Once you have calculated the total value of your wealth assets, you can find out how much wealth tax you need to pay by searching up the tax rates in the canton you belong to here. Generally speaking, most cantons have a wealth tax that ranges between 0.3% - 1%.
Capitals Gains examples
The following events are taxable only if you are a self-employed trader and NOT a private investor:
- Selling crypto for Swiss Francs or another fiat currency (USD, EUR, etc.)
- Trading crypto for crypto (e.g.: BTC → ETH)
- Paying for goods or services with crypto
- Trading/Transfer fees
- Lending crypto
- Margin trading
- Futures / Derivatives trading
- Trading NFTs
- Liquidity Pools
If you are a private investor, the above are considered non-taxable.
The crypto activities listed below will be taxed as income at the market value of your received coins at the time of the transaction. However, you won’t be subject to capital gains tax if you decide to sell these coins at a later date (assuming you are a private investor).
- Staking rewards
- Salary / Freelancing
- i.e., receiving crypto as a form of payment
- Creating and selling NFTs
In Switzerland, they have a separate tax for gifting assets, including gifting crypto. These rules are set by each canton with rates up to 36%.
The Gift Tax rate will depend on several factors:
- The value of the gifted asset
- The type of asset being gifted
- Which canton are you governed under
- Your relationship to the receiver of the gift (e.g., parent, friend, etc.)
To see the Gift Tax rate which would apply to you, please visit here.
There’s no specific guidance on whether crypto donations are tax-deductible; however, donating over 100 CHF to a qualified Swiss charity can be deducted from your taxable income.
Initial Coin Offerings (ICOs):
Similar to airdrops, the FTA hasn’t provided guidance on how ICOs should be treated from a tax perspective, so it’d be best to speak to a tax professional on this if you have participated in any ICOs.

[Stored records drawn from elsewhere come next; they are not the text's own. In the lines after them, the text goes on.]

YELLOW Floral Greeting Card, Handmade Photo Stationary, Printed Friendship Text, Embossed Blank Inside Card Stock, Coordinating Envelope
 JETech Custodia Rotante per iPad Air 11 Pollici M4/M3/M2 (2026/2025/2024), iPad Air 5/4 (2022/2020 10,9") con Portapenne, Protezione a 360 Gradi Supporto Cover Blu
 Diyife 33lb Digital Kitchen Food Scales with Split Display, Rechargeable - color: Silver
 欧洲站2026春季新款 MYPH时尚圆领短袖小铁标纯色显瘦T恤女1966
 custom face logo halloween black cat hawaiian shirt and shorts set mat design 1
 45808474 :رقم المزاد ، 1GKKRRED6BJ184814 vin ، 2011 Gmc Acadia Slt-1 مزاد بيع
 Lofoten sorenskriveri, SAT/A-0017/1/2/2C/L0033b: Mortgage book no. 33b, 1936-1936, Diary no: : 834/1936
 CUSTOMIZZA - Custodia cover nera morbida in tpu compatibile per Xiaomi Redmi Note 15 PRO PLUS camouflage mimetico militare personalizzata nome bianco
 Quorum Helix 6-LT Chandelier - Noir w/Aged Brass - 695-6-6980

It’s important to keep a record of your complete transaction history to ensure you have correctly calculated your tax return and, in case you get audited by the FTA after filing your taxes.
The FTA may ask for the following records:
- Transaction history dates and timestamps
- List of cryptocurrencies traded
- Quantities of traded cryptocurrencies and value in CHF at the time of transaction
- Types of transactions
- Records from exchanges and wallet addresses
If you don’t keep records of your data and lose access to an exchange/wallet you were trading on (whether due to the exchange shutting down or you’ve lost your crypto keys), you will have trouble filing an accurate tax return with missing data.
To avoid situations like this, it’s best to keep regular backups of your transaction history or use cryptocurrency tax software like CryptoTaxCalculator to aggregate all your data and tax reports in one place.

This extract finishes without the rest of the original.